I read an interesting pair of articles in the Wall Street Journal last week. They touched upon the challenges we face with the high school to college to career pipeline.  Our work at Opportunity Education makes this topic particularly interesting to me.

The first article, “Employers Rethink the Need for College Degrees in Tight Labor Market,” discusses how employers are beginning to move away from requiring undergraduate degrees as a condition of employment, preferring instead to see specific needed skills.

The second, “The Suicide of the Liberal Arts,” makes the point that the greater focus on specific courses of study rather than the more traditional liberal arts leaves students unfit for much other than entering graduate programs.

While seemingly at odds with one another, these articles actually both make one essential point: education needs to be about developing skills, both the specific skills that employers need, and the more general skills such as clear communication and analytical reasoning that are fundamental to many types of careers today. If we’re going to win at education, our educational system needs to give students these skills.

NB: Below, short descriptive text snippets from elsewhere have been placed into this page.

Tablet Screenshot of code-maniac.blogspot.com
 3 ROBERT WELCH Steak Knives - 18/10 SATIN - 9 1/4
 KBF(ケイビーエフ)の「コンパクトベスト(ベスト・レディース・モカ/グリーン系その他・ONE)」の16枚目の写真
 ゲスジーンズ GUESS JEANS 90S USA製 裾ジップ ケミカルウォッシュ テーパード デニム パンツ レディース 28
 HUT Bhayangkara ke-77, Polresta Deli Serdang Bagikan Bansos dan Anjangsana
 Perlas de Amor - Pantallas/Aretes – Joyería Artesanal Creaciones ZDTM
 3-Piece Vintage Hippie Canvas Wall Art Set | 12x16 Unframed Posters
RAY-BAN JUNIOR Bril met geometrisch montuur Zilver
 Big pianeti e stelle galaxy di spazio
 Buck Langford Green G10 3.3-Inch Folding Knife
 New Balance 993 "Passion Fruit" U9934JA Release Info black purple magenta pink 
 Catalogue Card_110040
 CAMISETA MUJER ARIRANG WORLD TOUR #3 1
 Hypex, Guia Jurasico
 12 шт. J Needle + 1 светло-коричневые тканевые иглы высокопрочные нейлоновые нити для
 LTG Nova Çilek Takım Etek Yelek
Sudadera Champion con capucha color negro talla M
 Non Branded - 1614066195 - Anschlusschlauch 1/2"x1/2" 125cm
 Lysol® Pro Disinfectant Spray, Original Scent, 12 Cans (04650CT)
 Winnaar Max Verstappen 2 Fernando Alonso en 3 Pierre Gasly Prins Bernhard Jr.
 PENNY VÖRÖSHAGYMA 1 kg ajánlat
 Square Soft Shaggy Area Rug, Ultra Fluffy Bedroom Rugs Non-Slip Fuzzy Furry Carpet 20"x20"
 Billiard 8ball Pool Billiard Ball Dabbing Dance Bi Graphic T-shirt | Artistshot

The failure of the education system to prepare students for success in the world in which they will live shows up in different ways at the different stages.  In high school, the emphasis is often on “all students college bound” without paying any attention to the career interests of students, the cost of college, or the potential return on investment for a college degree.  By the time students get to college, many of them will major in subjects where core skills have been replaced by specialized content. So rather than learning clear thinking and communicating, students are learning academic jargon that has no applicability outside academia. Employers make the problem worse by embracing a faith in credentials without understanding what the credentials mean.  A degree tells you little about what its holder knows, what skills she has, or what he can do.

What can be done to improve this situation? Through my foundation, Opportunity Education, I have developed a better high school, one where the focus is not on merely completing courses, it’s on developing the learning and work skills students need for success. 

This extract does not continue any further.